= TASK OBJECTIVE =
In the records below, begin at the line that has "A man stands" and stop after the line that has "Sorry Gotta Go"; quote those lines verbatim and nothing more.

= Scraped caption text data =
⟨

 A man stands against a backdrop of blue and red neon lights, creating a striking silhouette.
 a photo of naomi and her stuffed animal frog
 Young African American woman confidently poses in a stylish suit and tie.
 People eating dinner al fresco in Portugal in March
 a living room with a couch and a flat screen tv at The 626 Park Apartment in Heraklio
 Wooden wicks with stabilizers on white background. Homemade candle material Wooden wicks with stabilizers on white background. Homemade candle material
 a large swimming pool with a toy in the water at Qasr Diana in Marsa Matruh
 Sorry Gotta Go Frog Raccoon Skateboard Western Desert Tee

⟩
⟨

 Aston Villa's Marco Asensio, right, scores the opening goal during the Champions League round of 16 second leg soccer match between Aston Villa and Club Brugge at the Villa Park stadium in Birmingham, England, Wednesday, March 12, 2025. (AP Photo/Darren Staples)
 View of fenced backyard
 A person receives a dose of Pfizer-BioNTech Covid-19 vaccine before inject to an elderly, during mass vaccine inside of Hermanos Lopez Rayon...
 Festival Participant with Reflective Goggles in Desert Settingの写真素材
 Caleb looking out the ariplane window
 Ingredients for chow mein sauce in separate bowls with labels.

⟩

= YOUR SOLUTION =
 A man stands against a backdrop of blue and red neon lights, creating a striking silhouette.
 a photo of naomi and her stuffed animal frog
 Young African American woman confidently poses in a stylish suit and tie.
 People eating dinner al fresco in Portugal in March
 a living room with a couch and a flat screen tv at The 626 Park Apartment in Heraklio
 Wooden wicks with stabilizers on white background. Homemade candle material Wooden wicks with stabilizers on white background. Homemade candle material
 a large swimming pool with a toy in the water at Qasr Diana in Marsa Matruh
 Sorry Gotta Go Frog Raccoon Skateboard Western Desert Tee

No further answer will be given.